Reputation: 1512
I need to calculate the difference between two rows groupwise using pandas.
| Group | Value | ID |
----------------------
| M1 | 10 | F1 |
----------------------
| M1 | 11 | F2 |
----------------------
| M1 | 12 | F3 |
----------------------
| M1 | 15 | F4 |
----------------------
Example output:
----------------------
| M1 | F3 - F2 | 1 |
----------------------
| M1 | F4 - F1 | 5 |
To calculate the sum I would use pandas.groupby('Group').sum(), but how do you calculate the difference between rows where the row ordering is important?
Upvotes: 1
Views: 212
Reputation: 862581
I think you need custom function with apply which return DataFrame
for each group, for select by position is used iat
:
def f(x):
#print (x)
a = x['Value'].iat[2] - x['Value'].iat[1]

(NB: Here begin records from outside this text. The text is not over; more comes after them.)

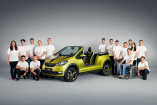 Azubi-Projekt: Skoda “Element“: Skoda-Azubis bauen Elektro-Buggy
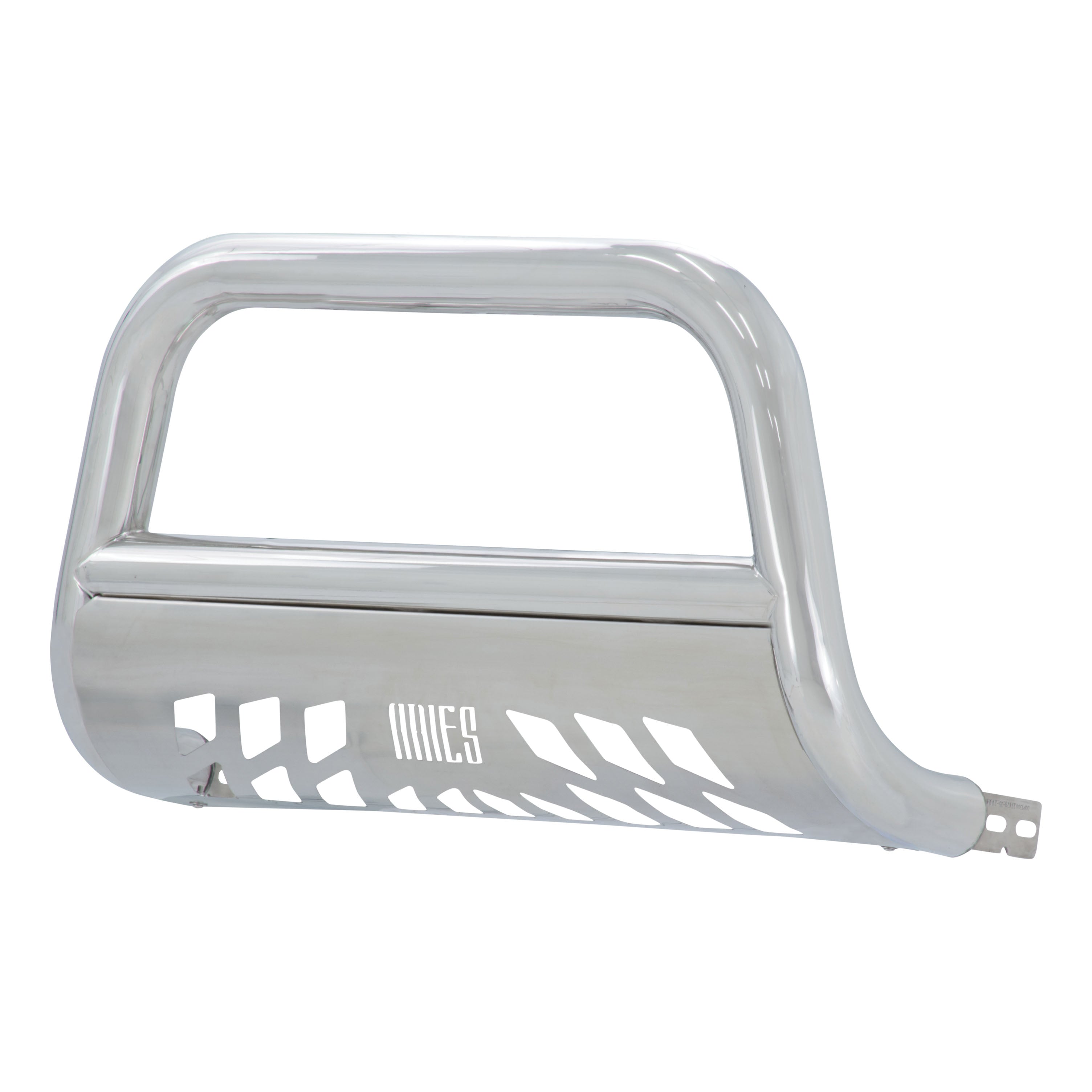Midwest Aftermarket - Polished Stainless Grille Guard for Toyota Sequoia - Upgrade Your Ride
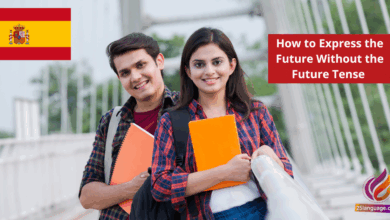 How to Express the Future Without the Future Tense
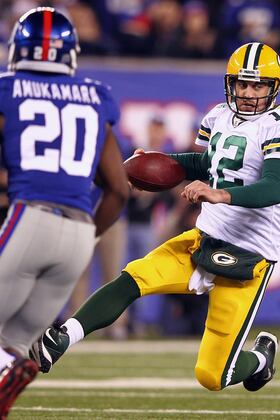 NFL Playoffs: 5 Reasons the Packers Will Face a Giant Upset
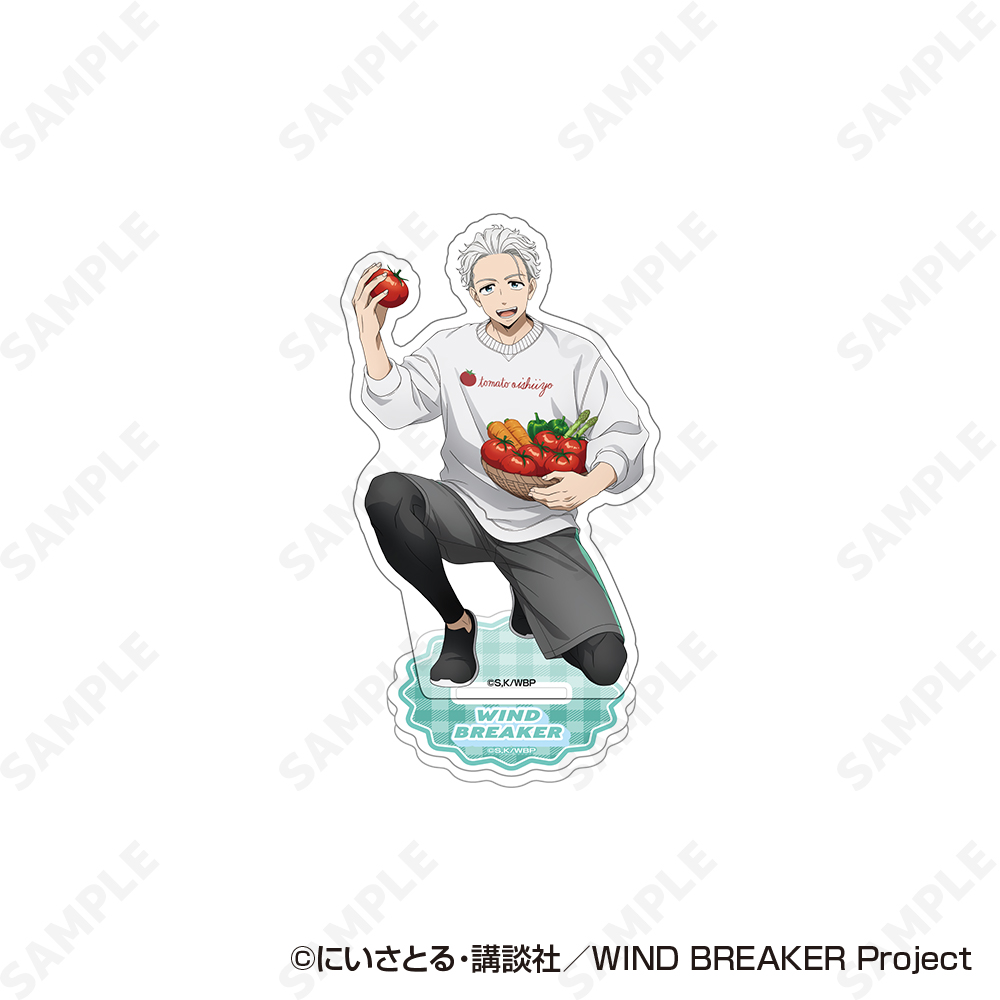 WIND BREAKER_アクリルスタンド 2 梅宮一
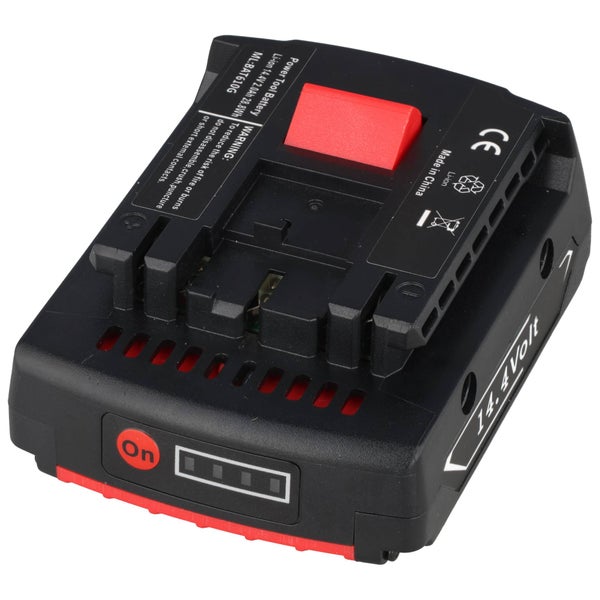 Akkupack für Elektrowerkzeuge, 14,4 Volt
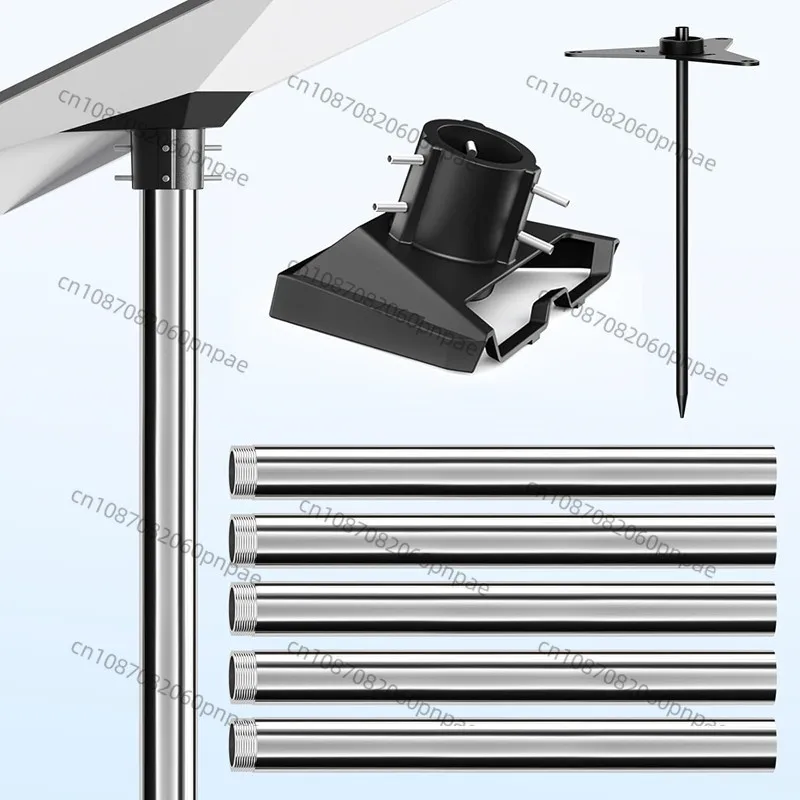 

Stainless steel floor plug 2 meters GEN3 outdoor support frame V3 Xinlian third-generation bracket signal frame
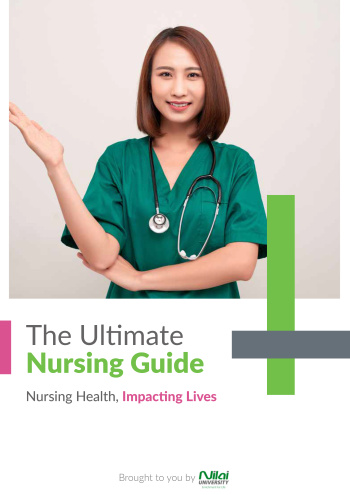 E-Guide - Nursing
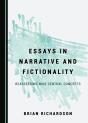 Essays In Narrative And Fictionality - Preview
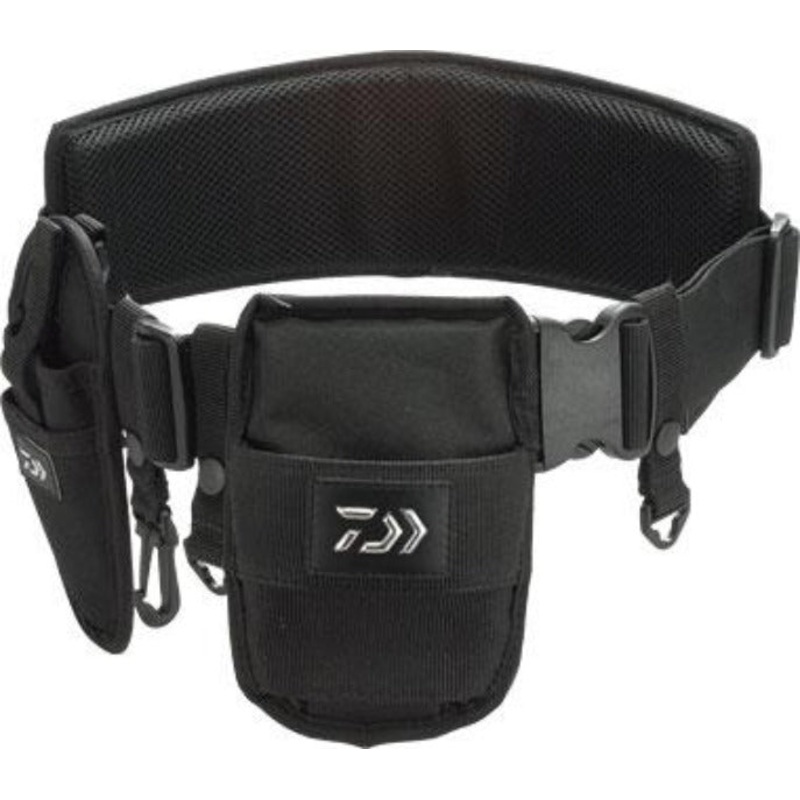 Daiwa UT Fighting System (Belt DA-4303 / Pad DA-4603 / Plier Case DA-4503) Belt DA-4303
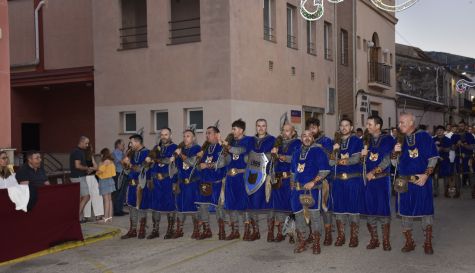 Moros i Cristians d’Atzeneta d’Albaida 2026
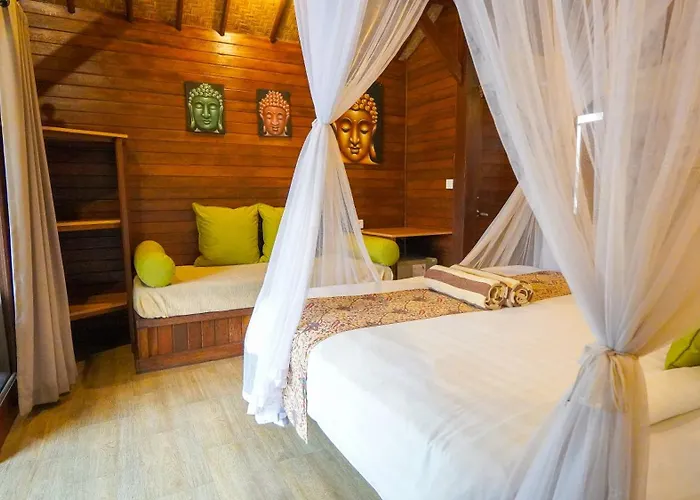 Darsan Lembongan Boutique Nusa Lembongan (Bali)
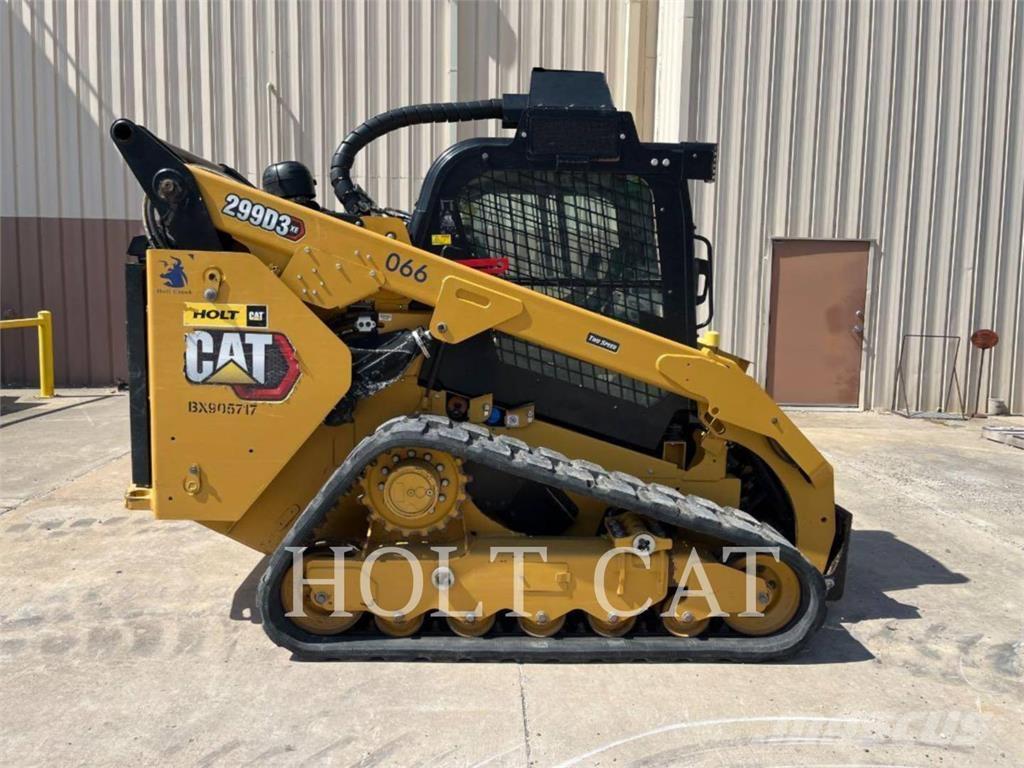 CAT 299D XHP Kompaktlader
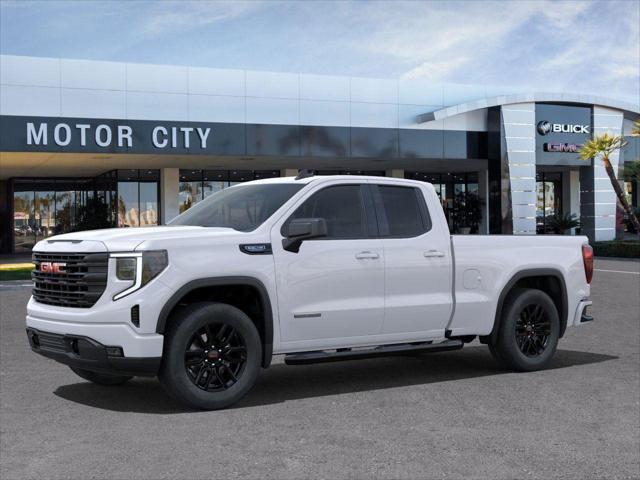 new 2025 GMC Sierra 1500 car, priced at $57,495
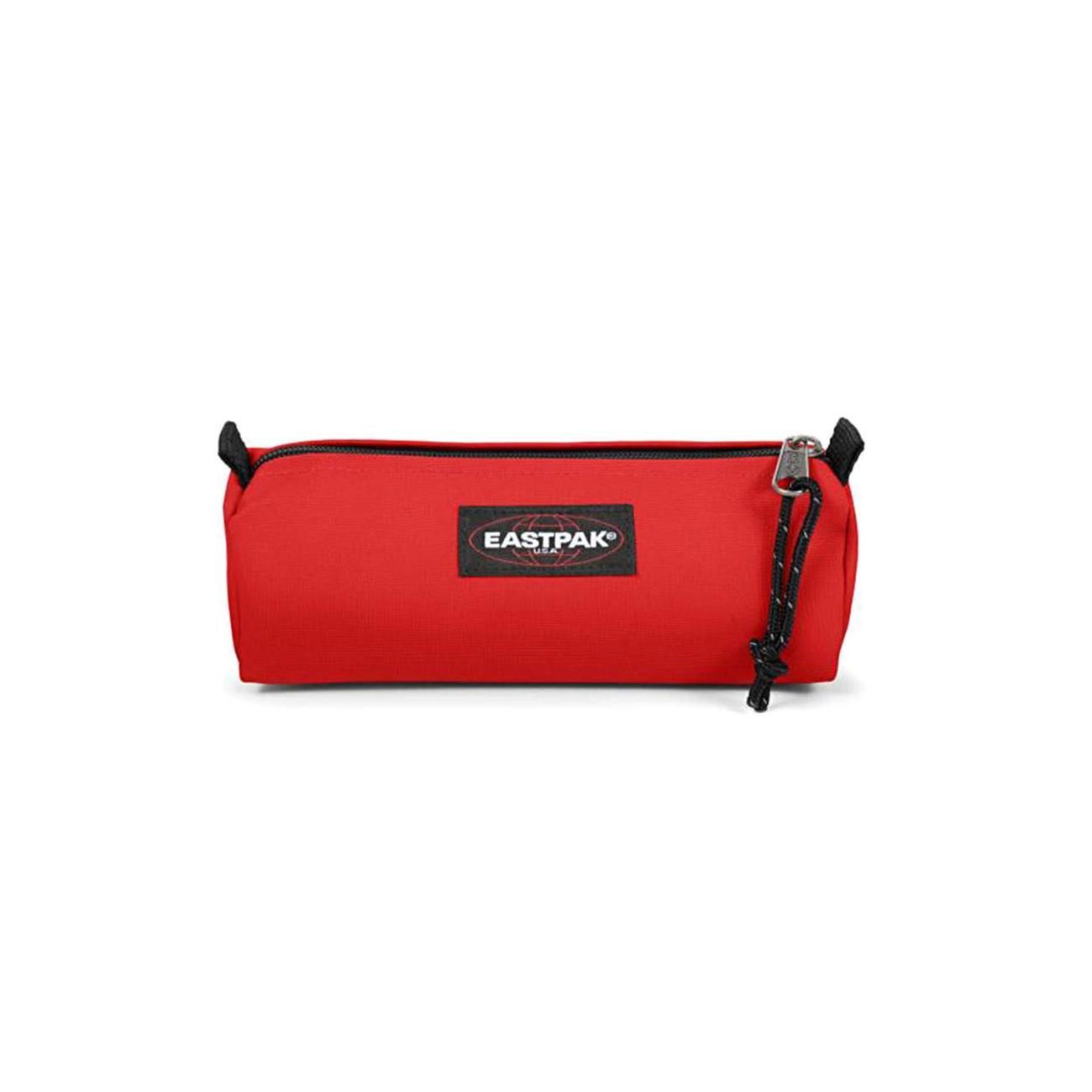 BENCHMARK ASTUCCIO EASTPAK EK372 01X TEASING RED EASTPAK 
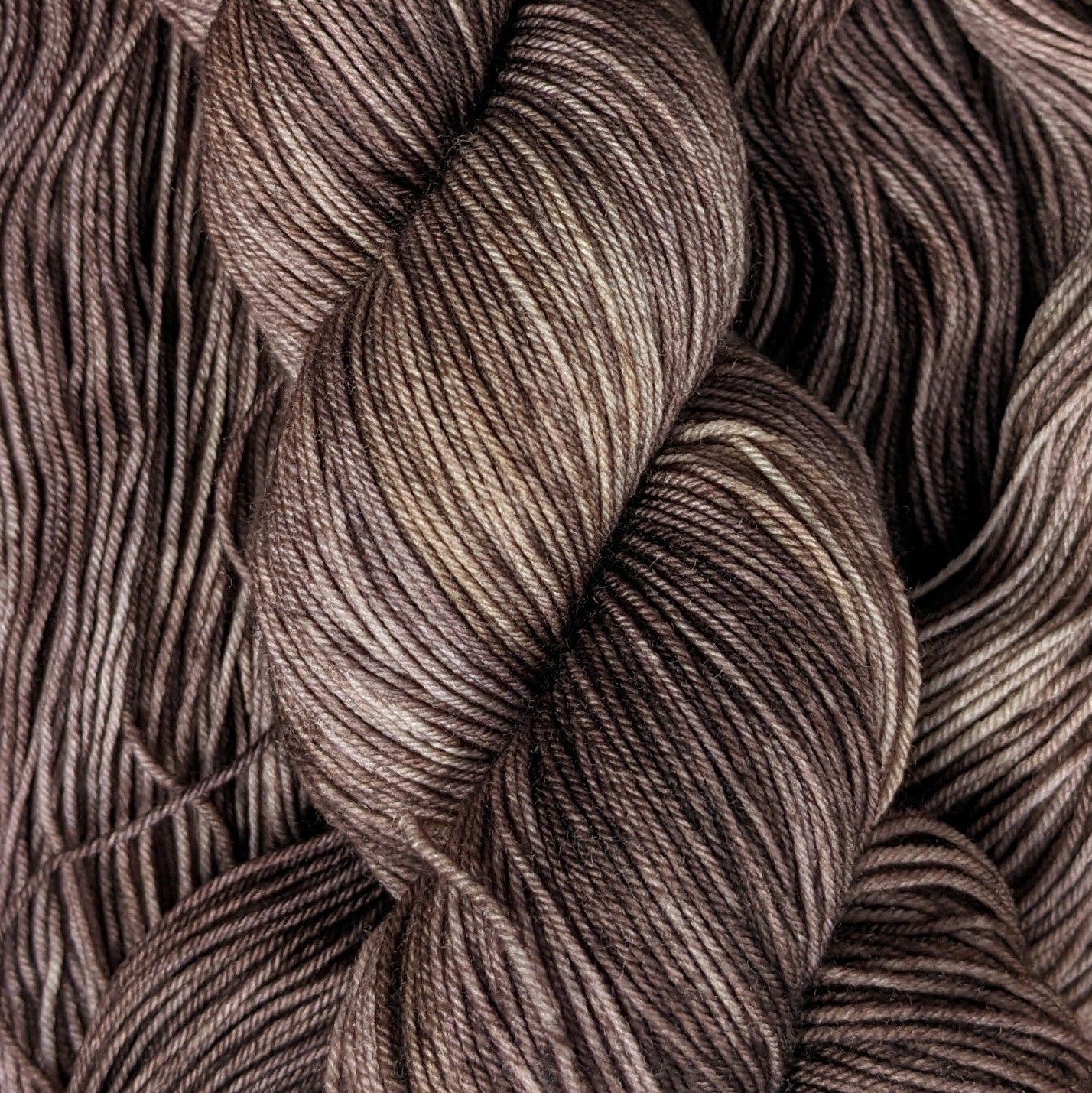 Dye Monkey Yarns - SW Merino/Nylon - Fingering Weight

b = x['Value'].iat[3] - x['Value'].iat[0]
c = x['ID'].iat[2] + ' - ' + x['ID'].iat[1]
d = x['ID'].iat[3] + ' - ' + x['ID'].iat[0]
return pd.DataFrame({'Value': [a,b], 'ID':[c,d]})
df = df.groupby('Group').apply(f).reset_index(level=1, drop=True).reset_index()
print (df)
Group ID Value
0 M1 F3 - F2 1
1 M1 F4 - F1 5
Upvotes: 1